Numéro 7 – Septembre 2005

Le Tactilo de la Loterie Romande est sous le coup d’un moratoire de la Commission fédérale des maisons de jeu, qui caresse le projet d’interdire ces appareils... pourtant autorisés par les cantons ! Pour l’instant, ses démarches sont bloquées par un recours. Du sort de ce distributeur de loteries électroniques dépend le développement futur des grandes loteries et leur mécénat.

Le bras de fer entre la Confédération et les cantons autour des jeux d’argent se focalise plus que jamais sur les distributeurs de loteries électroniques. Depuis juin 2004, la Loterie Romande n’est plus autorisée à installer de nouveaux Tactilos et doit donc s’en tenir au quota fixé par les cantons romands il y a cinq ans. Ainsi en a décidé la Commission fédérale des maisons de jeu (CFMJ) en décrétant un moratoire sur ces appareils, « afin de clarifier la question de savoir si les automates de type Tactilo sont des machines à sous tombant sous le coup des dispositions de la loi sur les maisons de jeu ». Interdits hors des casinos, ils seraient dès lors condamnés. Sachant que les quelque 620 Tactilos déjà implantés dans les cafés et restaurants représentent plus du tiers des bénéfices de la Loterie Romande, les conséquences d’une interdiction seraient catastrophiques pour les multiples associations culturelles, sociales et sportives qui profitent de ses dons.

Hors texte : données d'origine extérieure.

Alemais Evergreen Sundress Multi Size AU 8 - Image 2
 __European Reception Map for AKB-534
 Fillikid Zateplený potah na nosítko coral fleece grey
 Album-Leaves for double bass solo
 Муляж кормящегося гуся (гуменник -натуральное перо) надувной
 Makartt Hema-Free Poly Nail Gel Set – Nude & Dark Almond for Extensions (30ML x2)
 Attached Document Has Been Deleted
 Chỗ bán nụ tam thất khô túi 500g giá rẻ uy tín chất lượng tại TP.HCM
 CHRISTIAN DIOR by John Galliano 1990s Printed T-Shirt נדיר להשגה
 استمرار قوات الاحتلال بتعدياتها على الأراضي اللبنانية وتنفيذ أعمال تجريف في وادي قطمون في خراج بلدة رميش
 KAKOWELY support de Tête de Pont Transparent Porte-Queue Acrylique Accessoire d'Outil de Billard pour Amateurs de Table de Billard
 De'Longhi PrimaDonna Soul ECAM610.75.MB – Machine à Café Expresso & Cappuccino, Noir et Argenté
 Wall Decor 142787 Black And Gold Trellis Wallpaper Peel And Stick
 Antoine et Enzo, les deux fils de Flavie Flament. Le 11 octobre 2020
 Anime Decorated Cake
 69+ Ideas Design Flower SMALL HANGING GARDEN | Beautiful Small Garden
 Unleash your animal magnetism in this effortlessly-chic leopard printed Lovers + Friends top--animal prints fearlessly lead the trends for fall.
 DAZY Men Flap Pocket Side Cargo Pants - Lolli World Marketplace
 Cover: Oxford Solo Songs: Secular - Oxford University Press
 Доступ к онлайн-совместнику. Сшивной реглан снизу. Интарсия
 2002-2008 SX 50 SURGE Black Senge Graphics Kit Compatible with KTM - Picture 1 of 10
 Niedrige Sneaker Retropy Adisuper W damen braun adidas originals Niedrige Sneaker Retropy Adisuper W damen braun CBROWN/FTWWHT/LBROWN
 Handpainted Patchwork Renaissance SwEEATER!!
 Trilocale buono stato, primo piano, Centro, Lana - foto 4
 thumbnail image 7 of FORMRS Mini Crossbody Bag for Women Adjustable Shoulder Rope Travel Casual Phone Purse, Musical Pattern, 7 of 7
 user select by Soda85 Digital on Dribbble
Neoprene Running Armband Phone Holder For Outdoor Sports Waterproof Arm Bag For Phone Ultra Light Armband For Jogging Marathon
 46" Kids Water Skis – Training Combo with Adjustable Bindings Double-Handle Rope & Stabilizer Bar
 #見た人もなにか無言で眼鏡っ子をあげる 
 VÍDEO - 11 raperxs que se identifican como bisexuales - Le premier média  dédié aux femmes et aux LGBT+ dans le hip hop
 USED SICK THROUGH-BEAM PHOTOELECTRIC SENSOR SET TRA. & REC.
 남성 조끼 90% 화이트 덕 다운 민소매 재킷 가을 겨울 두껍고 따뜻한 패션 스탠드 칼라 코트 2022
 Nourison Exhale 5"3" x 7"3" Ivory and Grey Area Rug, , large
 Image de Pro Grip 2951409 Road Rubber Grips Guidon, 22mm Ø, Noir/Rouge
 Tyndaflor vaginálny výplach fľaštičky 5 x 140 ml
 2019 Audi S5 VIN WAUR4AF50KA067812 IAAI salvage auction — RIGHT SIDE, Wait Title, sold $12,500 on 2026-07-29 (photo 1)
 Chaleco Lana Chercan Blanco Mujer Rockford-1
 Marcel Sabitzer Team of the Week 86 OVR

On assiste donc à un torpillage en règle des grandes loteries

Les Tactilos, qui relèvent jusqu’à nouvel ordre de la loi sur les loteries, sont autorisés par les cantons depuis 1999. Mais quand bien même le Conseil fédéral a donné son aval à la création d’une convention intercantonale habilitée à homologuer les automates de jeu et confié le sort du Tactilo au Tribunal fédéral, la CFMJ snobe les autorités cantonales. Ecartées de l’enquête en cours, elles ont fait appel à la Commission fédérale de recours, qui a gelé la procédure de la CFMJ et se prononcera cet automne. S’ils restent exclus, les cantons pourront encore saisir le Tribunal fédéral. Dans le cas contraire, leur participation à l’enquête de la CFMJ reporterait d’au moins plusieurs mois ses conclusions, annoncées pour début 2006. Une décision sur le fond – le statut du Tactilo ! – interviendra donc au plus tôt en 2007, précisément au moment où le concordat intercantonal doit entrer en vigueur !

La théorie des dominos

Pourquoi, alors que la Convention intercantonale des loteries et paris sera bientôt opérationnelle, attiser de telles batailles juridiques ? En réponse à une intervention parlementaire de Jean Studer appuyée par les conseillers aux États des six cantons romands, le chef du Département fédéral de justice et police (DFJP) Christoph Blocher a d’ailleurs reconnu que la CFMJ était juge et partie dans cette affaire1. Il faut rappeler que ladite CFMJ délivre les concessions aux casinos, homologue les nouvelles machines à sous et perçoit l’impôt sur les maisons de jeu (316 millions de francs en faveur de l’AVS en 2004). Depuis l’ouverture du marché suisse aux casinos, les loteries cantonales qui redistribuent leur bénéfice à l’utilité publique sont de fait dans la ligne de mire de quelques hauts fonctionnaires et experts du DFJP. Dans ce contexte, les attaques répétées contre le Tactilo ont une autre résonance, d’autant que le PMU romand, les jeux en ligne et le Sporttip de la loterie alémanique SwissLos se retrouvent aussi dans le collimateur fédéral. On assiste donc à un torpillage en règle des grandes loteries.

Le développement des jeux de loteries sur écran, qui remplacent progressivement les billets traditionnels, serait stoppé net par l’interdiction d’appareils comme le Tactilo. « La Loterie Romande perdrait 40 à 50 % de ses bénéfices. Et, à plus long terme, ce serait la dégringolade des loteries publiques. Le Tactilo date de 1999 – du siècle passé ! – et il faut bien voir que le secteur est en pleine évolution, que la grande majorité des jeux recourt aux supports électroniques. Si on supprime ces supports, on supprime de facto les loteries d’utilité publique », résume José Bessard, directeur de la communication de la Loterie Romande.